The previous section has demonstrated a considerable change of the magnitude of pressure fluctuations along the serration. In the present section, the study is extended to the unsteady components, in particular to the spectra of the pressure fluctuations. The aim is to verify what the change along the edge is, and whether it can be accounted for by re-scaling the spectra with the local properties of the boundary layer. The gradual change of the mean pressure profiles shown in Sect. 4.2 could be in fact related to a change of the energy content associated with the flow structures convecting above the serration edge (Lyu et al. 2016). A comparison between experiments and numerical computations is plotted in Fig. 14, by means of surface spectra extracted along the edge of the serration. For clarity of visualization, the pressure spectra are plotted with respect to their frequency and normalized with respect to ρ2V3δ*. Spectra are evaluated using a periodogram approach with Hamming windows of 64 elements and 50% overlap. Fast Fourier Transform (FFT) is performed over 4096 elements, thus resulting in a frequency resolution of approximately 5 Hz. Figure 14 shows that both numerical and experimental spectra change along the spanwise direction in both magnitude and shape, rapidly decaying with frequency.

Fig. 14
figure 14

Spectra of the pressure fluctuations, data from tomographic PIV, and numerical LBM results. NACA 0018, Re = 270,000, α = 0°, V = 20 m/s. Sr20R21 = serration with 2 h = 20%c, and ratio = 2 h/b = 2/1. PIV taken at the first y location

One of the most interesting finding of Fig. 14 is the fact that the pressure fluctuations also reduce in magnitude and frequency along the serrated edge. In particular, numerical simulations show that part of energy of the flow structures is shifted towards relatively higher frequencies (> 3 kHz in Fig. 14). However, below 2 kHz, a net spatial decrease of pressure fluctuations is reported from the root to the tip of the serration. It has to be noted that this spatial decrease might influence a rather larger frequency range when scattered to the far field, due to the particular geometry of the edge. Since the presented plots of Fig. 14 indicate that the frozen-turbulence hypothesis is not verified along the serrated edge, the main question to be answered is whether it is possible to model/re-scale such a change along the edge using the experimental parameters of the boundary layer as input. The verification of this approach would confirm the presence of a consistent boundary layer and pressure change through the serrated edge, contrarily to what assumed by previous literature. The numerical computations additionally show a cross-over frequency, corresponding to a point, where the pressure fluctuations at the serration edge become stronger (i.e., higher frequency content) than those ones from the straight trailing edge (or equivalently than the root ones). One of the main reasons of the difference is attributed to the limited frequency resolution of the PIV data.

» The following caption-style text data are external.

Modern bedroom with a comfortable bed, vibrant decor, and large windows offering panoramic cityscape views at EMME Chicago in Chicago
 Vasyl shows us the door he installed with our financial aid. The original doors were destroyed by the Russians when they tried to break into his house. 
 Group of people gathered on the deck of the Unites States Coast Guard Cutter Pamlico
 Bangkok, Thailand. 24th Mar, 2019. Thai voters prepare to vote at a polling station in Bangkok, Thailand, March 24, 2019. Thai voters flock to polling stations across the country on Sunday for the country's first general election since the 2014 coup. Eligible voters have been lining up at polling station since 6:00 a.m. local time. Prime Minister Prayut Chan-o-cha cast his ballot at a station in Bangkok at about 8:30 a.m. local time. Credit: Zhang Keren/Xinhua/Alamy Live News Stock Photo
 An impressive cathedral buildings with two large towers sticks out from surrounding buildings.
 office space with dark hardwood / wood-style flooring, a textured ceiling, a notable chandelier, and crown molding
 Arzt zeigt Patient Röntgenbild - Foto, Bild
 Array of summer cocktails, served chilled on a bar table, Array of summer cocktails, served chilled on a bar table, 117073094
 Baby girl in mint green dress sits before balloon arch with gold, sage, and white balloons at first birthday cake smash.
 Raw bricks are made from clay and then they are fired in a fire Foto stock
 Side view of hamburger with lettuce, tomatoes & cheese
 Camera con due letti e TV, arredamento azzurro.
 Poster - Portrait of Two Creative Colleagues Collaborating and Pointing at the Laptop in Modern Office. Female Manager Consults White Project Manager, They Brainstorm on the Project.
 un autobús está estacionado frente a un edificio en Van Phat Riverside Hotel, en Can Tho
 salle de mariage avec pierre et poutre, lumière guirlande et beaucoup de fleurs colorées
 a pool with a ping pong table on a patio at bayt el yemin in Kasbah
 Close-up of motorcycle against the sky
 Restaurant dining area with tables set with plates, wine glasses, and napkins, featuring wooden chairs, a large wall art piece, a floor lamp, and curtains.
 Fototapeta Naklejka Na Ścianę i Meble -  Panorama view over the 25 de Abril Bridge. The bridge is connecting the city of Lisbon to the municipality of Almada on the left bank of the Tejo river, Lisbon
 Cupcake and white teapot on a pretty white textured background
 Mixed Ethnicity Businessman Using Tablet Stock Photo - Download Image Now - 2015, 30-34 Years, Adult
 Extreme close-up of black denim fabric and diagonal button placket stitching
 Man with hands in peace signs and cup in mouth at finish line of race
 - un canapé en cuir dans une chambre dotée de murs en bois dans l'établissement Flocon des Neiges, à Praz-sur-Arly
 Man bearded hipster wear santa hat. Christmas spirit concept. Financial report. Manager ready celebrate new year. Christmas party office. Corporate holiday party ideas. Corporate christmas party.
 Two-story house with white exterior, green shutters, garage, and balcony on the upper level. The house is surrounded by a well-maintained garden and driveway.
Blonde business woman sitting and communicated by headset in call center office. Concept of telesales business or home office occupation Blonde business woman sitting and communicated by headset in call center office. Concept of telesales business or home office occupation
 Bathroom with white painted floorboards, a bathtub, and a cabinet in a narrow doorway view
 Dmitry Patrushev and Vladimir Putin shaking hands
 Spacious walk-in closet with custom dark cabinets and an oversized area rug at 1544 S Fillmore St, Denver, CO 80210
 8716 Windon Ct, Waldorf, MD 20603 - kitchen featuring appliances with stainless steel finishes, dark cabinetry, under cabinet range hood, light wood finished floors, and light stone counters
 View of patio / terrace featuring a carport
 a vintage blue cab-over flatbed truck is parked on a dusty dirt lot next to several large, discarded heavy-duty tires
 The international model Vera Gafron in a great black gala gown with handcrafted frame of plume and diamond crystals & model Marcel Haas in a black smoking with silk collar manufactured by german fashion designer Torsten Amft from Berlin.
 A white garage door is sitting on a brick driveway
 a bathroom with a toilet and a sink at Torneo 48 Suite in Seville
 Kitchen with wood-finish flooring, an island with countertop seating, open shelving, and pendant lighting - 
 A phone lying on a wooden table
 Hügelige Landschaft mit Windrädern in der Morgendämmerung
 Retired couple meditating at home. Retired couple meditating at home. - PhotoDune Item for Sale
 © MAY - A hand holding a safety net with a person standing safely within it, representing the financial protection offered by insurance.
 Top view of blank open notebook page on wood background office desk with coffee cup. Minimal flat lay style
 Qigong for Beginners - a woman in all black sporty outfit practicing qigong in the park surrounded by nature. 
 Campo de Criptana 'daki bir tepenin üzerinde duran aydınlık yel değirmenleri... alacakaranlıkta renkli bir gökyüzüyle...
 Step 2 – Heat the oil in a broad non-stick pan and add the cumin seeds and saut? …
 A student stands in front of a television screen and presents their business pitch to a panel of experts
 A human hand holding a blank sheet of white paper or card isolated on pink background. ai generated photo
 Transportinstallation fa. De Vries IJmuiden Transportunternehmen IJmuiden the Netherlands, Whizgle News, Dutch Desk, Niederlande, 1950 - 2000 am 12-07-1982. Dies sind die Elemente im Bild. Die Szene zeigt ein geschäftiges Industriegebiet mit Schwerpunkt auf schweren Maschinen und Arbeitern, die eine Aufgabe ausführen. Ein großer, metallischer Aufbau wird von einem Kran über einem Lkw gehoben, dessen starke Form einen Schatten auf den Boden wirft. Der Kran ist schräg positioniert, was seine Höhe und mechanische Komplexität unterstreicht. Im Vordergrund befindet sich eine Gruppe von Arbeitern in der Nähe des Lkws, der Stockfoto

The obtained spectral response of the pressure fluctuations for slitted serrations is also very similar to the solid ones. The spectral distribution of the pressure fluctuations as obtained from tomographic PIV is plotted in Fig. 15.

Fig. 15
figure 15

Spectra of the pressure fluctuations at three locations along the edge. Experimental PIV data. NACA 0018, Re = 270,000, α = 0°, V = 20 m/s. Slits and Sr20R21 = serration both with 2h = 20%c, and ratio = 2h/b = 2/1

Two main observations can be drawn from a direct comparison of the solid and slitted serrations in Fig. 15:

  1. 1.

    The triangular porous surface of the slits still determines a variation of the pressure spectra along the streamwise direction.

  2. 2.

    Higher levels of pressure fluctuations at the root of the slitted sawtooth configuration with respect to the straight one are measured (in agreement with observation n.2).

When combining these two observations with measured results from the previous studies (Arce León et al. 2016a, b, c; Azarpeyvand et al. 2013), it becomes clear why this particular periodic slit configuration cannot reach the noise-reduction performance of the solid serrated counterpart in terms of far-field noise. In particular, the porous shape still presents a triangular shape which increases the amplitude of the pressure fluctuations at the root region, where the previous studies have demonstrated that the serrations are less effective (Avallone et al. 2017, 2018). Therefore, it becomes important to verify whether local information about the boundary-layer properties at the edge can be still used to scale (and later predict) the spectra of the pressure fluctuations.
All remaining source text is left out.